Pernah dalam suatu kesempatan, di suatu forum diskusi, di suatu tempat, di Kalimantan Barat, orang-orang yang bukan PPTDPKB, suaranya jarang didengar.
Pak Tono, seorang pengusaha bengkel, dan dulunya seorang mahasiswa cerdas yang aktif berorganisasi, tidak didengar suaranya kecuali untuk sekadar voting saja dalam memilih kepengurusan. Saya yang waktu itu masih bekerja sebagai karyawan perbankan dijadikan bendahara, padahal saya tidak lebih pintar dari Pak Tono, saya cuma anak kemarin sore yang bego dan kebetulan beruntung saja.Â
Kejadian berikutnya, saya bertemu seorang dokter gigi wanita (masih di Kalimantan Barat, tanah kelahiran yang sangat saya cintai ini). Waktu itu saya sudah berencana berhenti dari pekerjaan yang lama, kemudian si Dokter bertanya, "Apa rencana setelah ini?"
"Wartawan ... saya bermimpi jadi wartawan, Bu!" jawab saya semangat.
Lalu dia menjawab dengan "Oo......" yang sangat panjang, dan terlihat dari wajahnya bahwa ia tak tertarik membicarakan tentang profesi tersebut.
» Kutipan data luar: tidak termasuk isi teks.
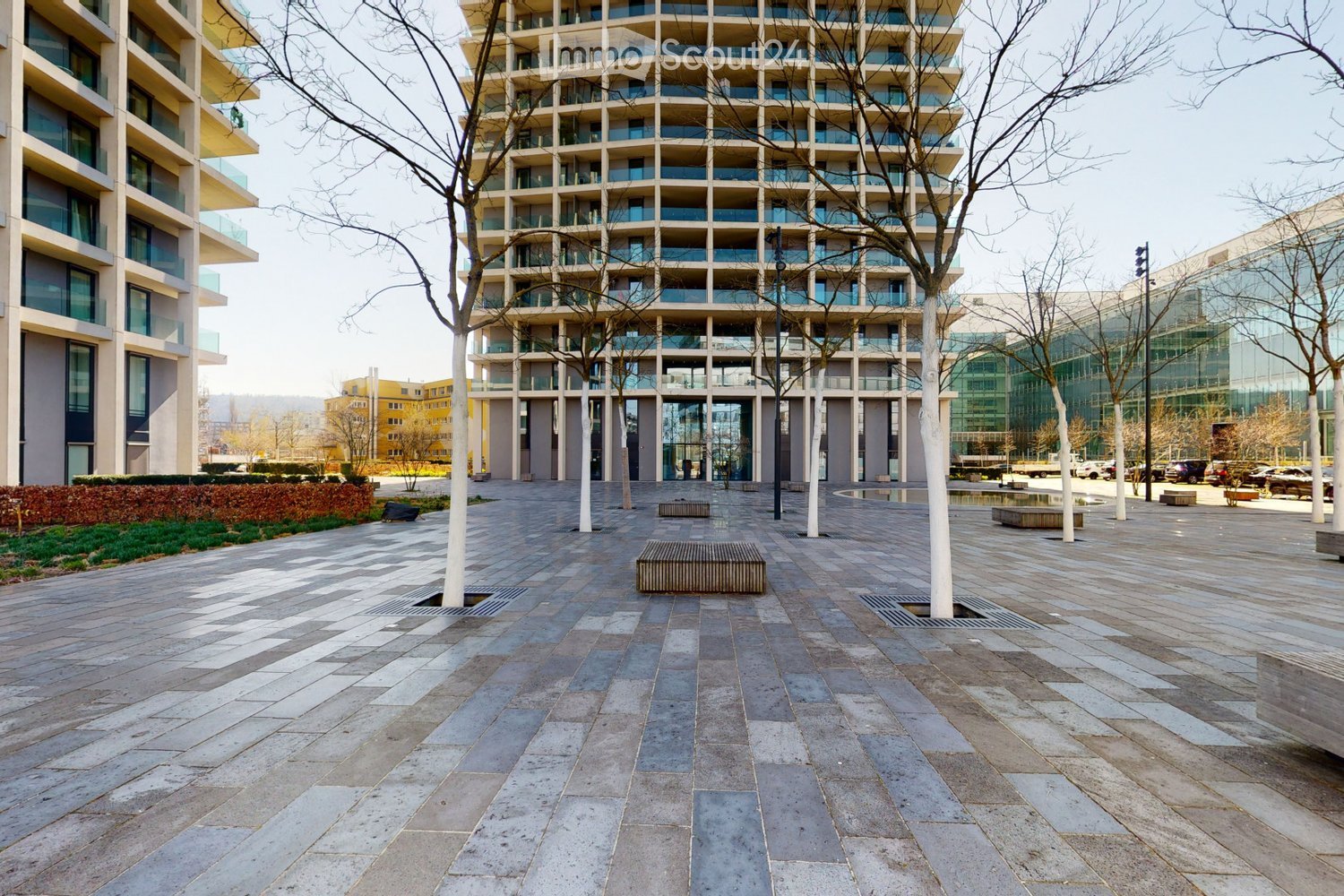Modern multi-story building with large windows and balconies, surrounded by a paved courtyard with benches and trees.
Meski saya sampai hari ini bukan wartawan, tapi saya meyakini, menjadi seorang wartawan sama kerennya dengan menjadi seorang PNS.
Oleh karena bukan lagi dari bagian komunitas orang dalam kategori PPTDPKB, dalam sejumlah pertemuan (tidak semua), saya dan beberapa orang lain yang bekerja dalam bidang yang "biasa-biasa saja" (karyawan swasta, pengusaha, dan lain-lain), hanya akan jadi pelengkap saja. Bahkan mungkin tidak ditunggu, hanya sekadar diundang untuk menyaksikan superioritas kaum PPTDPKB. Tapi tidak masalah, kalau pun mereka menganggap punya derajat lebih tinggi pun tak mengapa, karena itu perspektif.
Kenyataannya nanti adalah manusia dianggap hebat karena berguna bagi sesama, bukan karena merasa lebih superior. Kita masuk ke pertanyaan utama: "Apakah menjadi PNS akan dianggap lebih terhormat dan bergengsi?"
Jawaban dalam sudut pandang saya adalah seperti ini: "Menjadi seorang PNS tentu saja hebat, dan menjadi penjual gorengan juga tak kalah hebat. Menjadi tentara sangat keren, dan menjadi tukang kayu juga tak kalah keren. Menjadi dokter sangat terhormat, menjadi tenaga pembersih jalanan umum juga tak kalah terhormat. Pekerjaan yang tidak bergengsi adalah sejenis pencuri, perampok, koruptor, dan sejenisnya. Jadi berhentilah menilai manusia berdasarkan rezekinya."